Gurrumul is now the seventh-highest grossing Australian documentary of all time. 

The documentary delves into the songs inspired by his community Galiwin’ku on Elcho Island in far north-east Arnhem Land.

The news comes as ‘Djarimirri’ is about to be released on vinyl after being honoured with Album of the Year, Song of the Year and Artist of the Year at the National Indigenous Music Awards last weekend.

“It is significant that Australia has opened its mind and its heart to this important release,” producer Michael Hohnen said.

“Djarimirri is not just an album of songs, it’s a historical document. The record is an account of his community and its history that G created to open up the world and build a bridge between Yolngu and Balanda (non-Indigenous people).

Read more: Gurrumul album first of kind to top chart

“To see his vision coming to life and for his work to be creating understanding of the beauty in his culture would make him very happy.
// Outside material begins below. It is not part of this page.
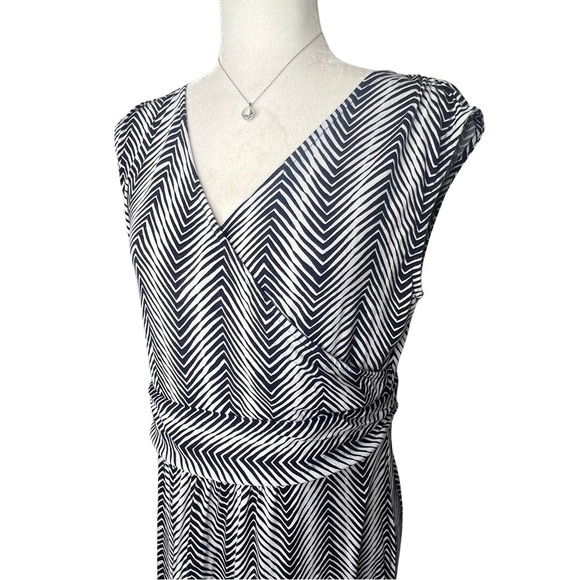 Talbots Maxi Dress Sleeveless V Neck Herringbone Chevron Stripe Blue White Large - Picture 12 of 13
It is on many levels the completion of his life’s work,” Mr Hohnen said. 

Said to be one of the most important and acclaimed voices to come out of Australia, Gurrumul, born blind, died at only 46-years-old in July last year. 

The documentary was released across the country to rave reviews. 

Seen by hundreds of thousands of people, Gurrumul spreads the story of music and family to all corners of the globe.

The singer's family broke with cultural tradition to allow the use of his name beyond his death, in an effort to ensure his legacy lives on.